The Minister in China (MacMurray) to the Secretary of State
Peking, February 8, 1927—2 p.m.
[Received February 8—11:15 a.m.]
[Received February 8—11:15 a.m.]
122. My telegram number 114, February 5, 9 p.m.
- Senior Minister, accompanied by British, French, Italian and Japanese Ministers and myself, yesterday called on Koo and in the course of a friendly but very earnest discussion pointed out the apprehension with which all the foreign representatives regarded the break-up of the Customs organization which they considered inevitable if the Government were to persist in its present course. For my own part I emphasized that, while claiming no? right to interfere in matters of Chinese internal administration, I felt the most serious solicitude lest by forcing an issue in regard to the functions of the Customs the Peking authorities would bring about the destruction of that organization which would be a disaster to both Chinese and foreign interest[s] and would in particular create chaotic conditions and innumerable points of friction in the foreign trade of China.
- Although at first he took the somewhat lofty tone that “the Central Government” could deal with such minor administrative matters without any occasion for alarm, and utterly ignored the actual circumstances under which the Customs would find it impossible to carry out the orders of the Peking regime, Koo during the general discussion professed to learn as a new and important fact the conviction of the foreign representatives that the Nationalists would really impair the integrity of the Customs Administration if it were to attempt to collect surtaxes for Peking. He asserted that the Northern regime appreciates the indispensability of the Customs Administration and earnestly desires to preserve it; and in the light of this new revelation he said that the Cabinet would consider the whole question afresh. Somewhat unguardedly he also let it appear that the Peking regime is in fact already considering means of undoing its hasty action reported in my No. 104, February 1, 5 p.m. In his reply he expressed his appreciation of our friendly and helpful discussion of the problem and reiterated that “his Government” regards the preservation of the Maritime Customs as essential.

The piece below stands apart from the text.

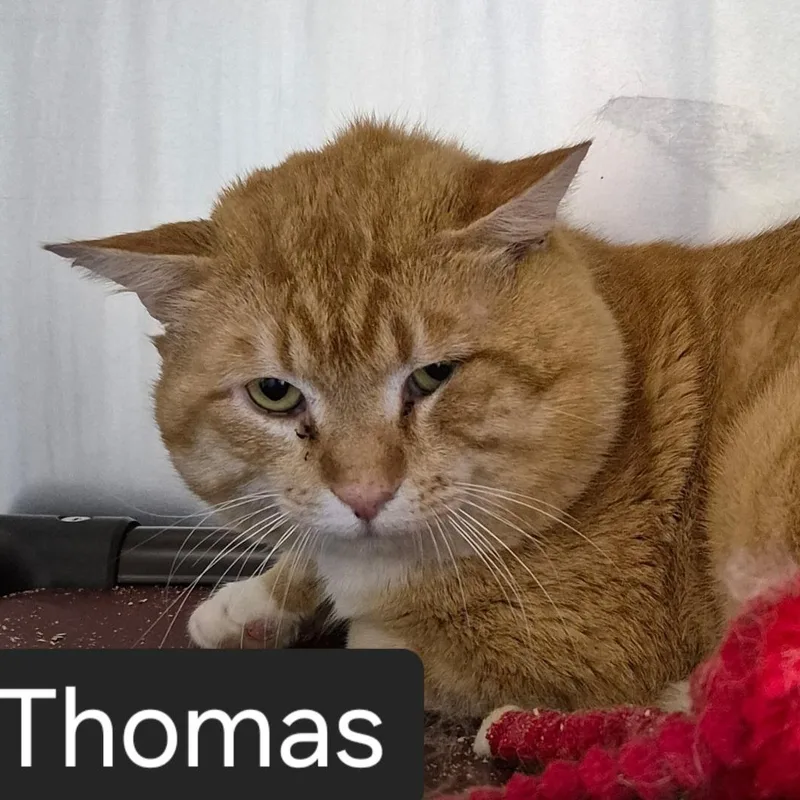 An adult large-sized male Orange & White Domestic Short Hair cat named Thomas for adoption in SNOW HILL, NC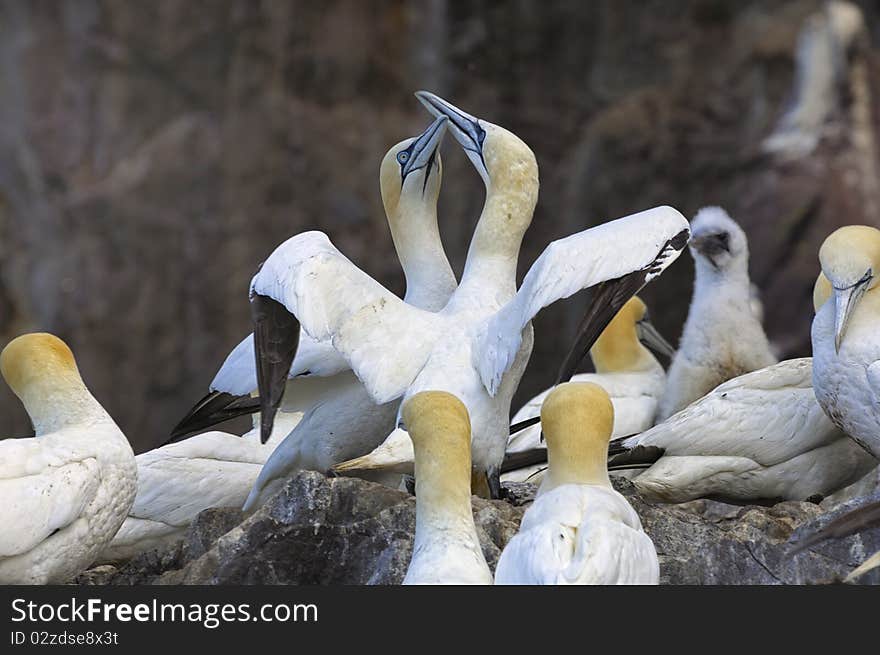 Pair of Gannets rubbing beaks in colony on Bass Rock, Firth of Forth. Pair of Gannets rubbing beaks in colony on Bass Rock, Firth of Forth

- The impression made upon my colleagues and myself was that he had realized the folly of the action taken and in fact welcomed our representations as a basis for asking reconsideration without personal loss of face. This surmise accords with the fact that he had on the previous evening sent a private intermediary to inquire [Page 462] of me my personal opinion on the question. I gather that the whole question arose out of the fact of irresponsible advisers having persuaded Chang Tso-lin that by having the Customs collect the surtax he could get his hands on the very considerable proportion (about 40 percent for all China) now being taken in at Shanghai by his nominally subordinate rival, Sun Ch’uan-fang.17 Thanks largely to the pressure of the Chinese bankers who would be ruined by the disrupting of the Customs it is now beginning to be understood that this attempt to deprive the Customs of its national character and make is subservient to the particular military group controlling Peking would kill the goose.
- Your telegram No. 50, February 7, 3 p.m., has just been received. I regret having taken action which proves to have been not in accordance with your desire. From your previous instructions, particularly your number 286, November 29, 1 p.m., 1926,18 had not inferred that you wished me to disinterest myself in the Customs beyond the point of refusing to intervene as of right or to assume responsibilities for its maintenance.